Let's say I have a set of 5 markers. I am trying to find the relative distances between each marker using an augmented reality framework such as ARToolkit. In my camera feed thee first 20 frames show me the first 2 markers only so I can work out the transformation between the 2 markers. The second 20 frames show me the 2nd and 3rd markers only and so on. The last 20 frames show me the 5th and 1st markers. I want to build up a 3D map of the marker positions of all 5 markers.
My question is, knowing that there will be inaccuracies with the distances due to low quality of the video feed, how do I minimise the inaccuracies given all the information I have gathered?
My naive approach would be to use the first marker as a base point, from the first 20 frames take the mean of the transformations and place the 2nd marker and so forth for the 3rd and 4th.
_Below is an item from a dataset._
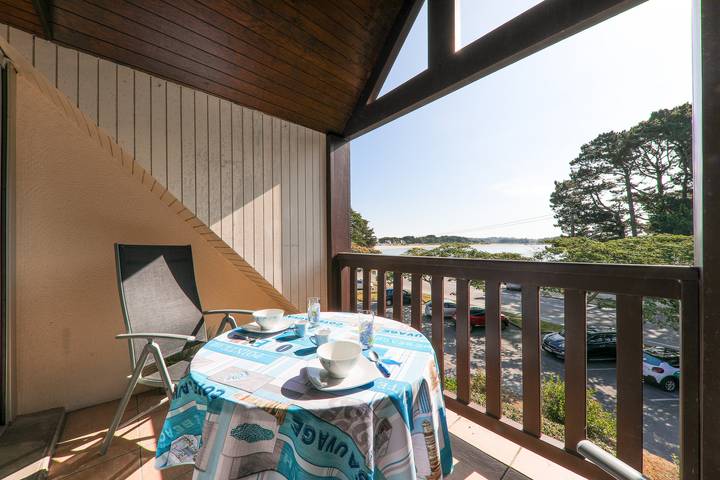 Ferienwohnung für 3 Personen, mit Balkon in Carnac - 2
For the 5th marker place it inbetween the 4th and 1st by placing it in the middle of the mean of the transformations between the 5th and 1st and the 4th and 5th. This approach I feel has a bias towards the first marker placement though and doesn't take into account the camera seeing more than 2 markers per frame.
Ultimately I want my system to be able to work out the map of x number of markers. In any given frame up to x markers can appear and there are non-systemic errors due to the image quality.
Any help regarding the correct approach to this problem would be greatly appreciated.
Edit: More information regarding the problem:
Lets say the realworld map is as follows:
Lets say I get 100 readings for each of the transformations between the points as represented by the arrows in the image. The real values are written above the arrows.
The values I obtain have some error (assumed to follow a gaussian distribution about the actual value). For instance one of the readings obtained for marker 1 to 2 could be x:9.8 y:0.09. Given I have all these readings how do I estimate the map. The result should ideally be as close to the real values as possible.
My naive approach has the following problem. If the average of the transforms from 1 to 2 is slightly off the placement of 3 can be off even though the reading of 2 to 3 is very accurate. This problem is shown below:
The greens are the actual values, the blacks are the calculated values. The average transform of 1 to 2 is x:10 y:2.